■ Task objective: Starting with the line with "5pcs 10ml Portable" in the entries below and going on through the line with "Geometric Ethnic Placemats", output every line exactly and nothing more. No pictures.

■ Given records:
Segment Open
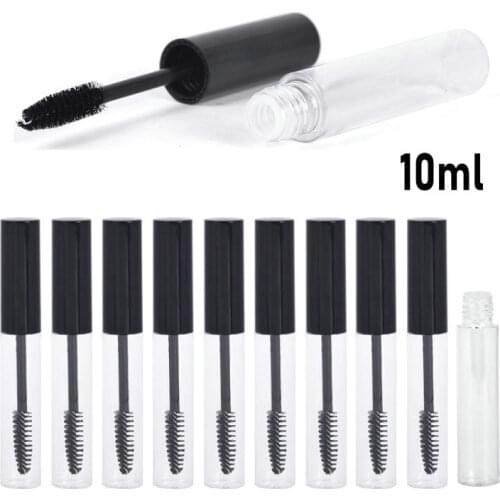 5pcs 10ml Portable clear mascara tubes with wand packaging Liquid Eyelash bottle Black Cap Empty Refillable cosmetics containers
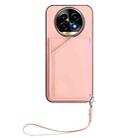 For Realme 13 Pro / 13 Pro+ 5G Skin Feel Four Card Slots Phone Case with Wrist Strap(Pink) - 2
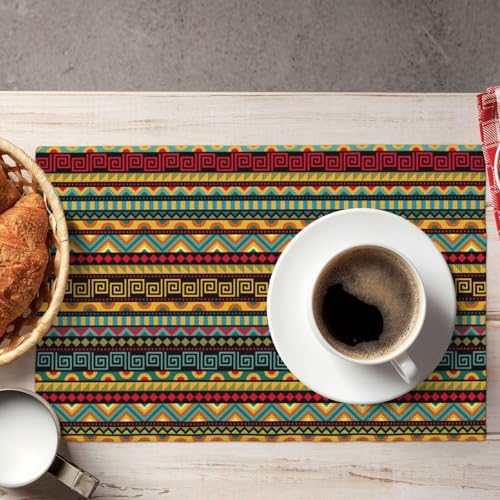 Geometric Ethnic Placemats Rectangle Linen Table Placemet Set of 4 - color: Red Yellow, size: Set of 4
Segment Closed
Segment Open
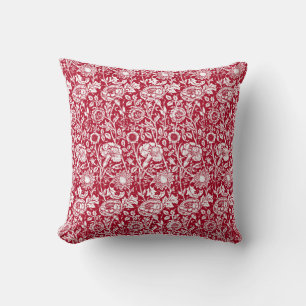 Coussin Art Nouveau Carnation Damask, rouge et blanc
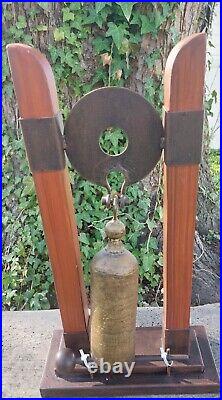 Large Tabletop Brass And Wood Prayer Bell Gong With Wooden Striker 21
Segment Closed
■ Finished task:
 5pcs 10ml Portable clear mascara tubes with wand packaging Liquid Eyelash bottle Black Cap Empty Refillable cosmetics containers
 For Realme 13 Pro / 13 Pro+ 5G Skin Feel Four Card Slots Phone Case with Wrist Strap(Pink) - 2
 Geometric Ethnic Placemats Rectangle Linen Table Placemet Set of 4 - color: Red Yellow, size: Set of 4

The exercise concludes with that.